Medita con frecuencia y pon en práctica hoy esta Palabra:

«Aquí está la esclava del Señor» (Lc 1,38).

 

PARA LA LECTURA ESPIRITUAL

Una palabra, una sílaba de aquella bendita hermana nuestra, María de Nazaret, que se convertirá así en nuestra madre espiritual y en nuestra reina, abrió la entrada en el mundo al Verbo de Dios; y su seno fue entonces el mundo, fue el cielo, para el Señor del mundo y del cielo, cuando ella respondió al ángel simplemente: «Sí», fiat. Ese fiat injertó el amor salvífico de Dios en el ámbito humano; el orden celestial en el orden terrestre; la voluntad divina en la voluntad humana; y se realizó la encarnación, comenzó la redención. Un fiat, un acto de aceptación consciente, de obediencia querida, de caridad libre, surgió del corazón y de los labios de María. Ella nos representó a todos, ella, la única, cuya voz podía responder verdaderamente a la llamada soberana de Dios. Ella nos instruyó a todos sobre el modo de llevar a cabo nuestra salvación, a saber: aceptar y realizar la voluntad de Dios.

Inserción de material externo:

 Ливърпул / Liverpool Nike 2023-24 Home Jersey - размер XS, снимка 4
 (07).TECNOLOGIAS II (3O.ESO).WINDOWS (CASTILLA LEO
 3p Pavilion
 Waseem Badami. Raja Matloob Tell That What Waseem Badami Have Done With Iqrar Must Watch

Oigamos a la cándida, a la inocente voz de María, que todavía resuena para nosotros: «... Hágase en mí según tu palabra» (Lc 1,38); y al oír de nuevo aquel humilde y decisivo mensaje profético dejemos que una piedad inmensa llene nuestro ánimo –que lo llene de reconocimiento, de alabanza, de confianza-. Y dejemos que su ejemplo nos marque la lección que más necesitamos: para que Dios se encarne en nuestra vida, para que su óptima voluntad, que tiene su imperio en el cielo, se realice aquí en la tierra, en el reino desconcertado de nuestra libre voluntad, para que podamos ser verdaderamente seguidores de Cristo y gozar de su salvación, para todo esto es preciso que también nosotros aprendamos a decir «sí» a las voluntades e Dios, incluso cuando son grandes, incluso cuando son incomprensibles, incluso cuando nos resultan dolorosas. Que María nos enseñe a decir la gran palabra: «Sí», fíat; hágase, oh Señor, tu voluntad (Pablo VI, Discorsi, 25 de marzo de 1961).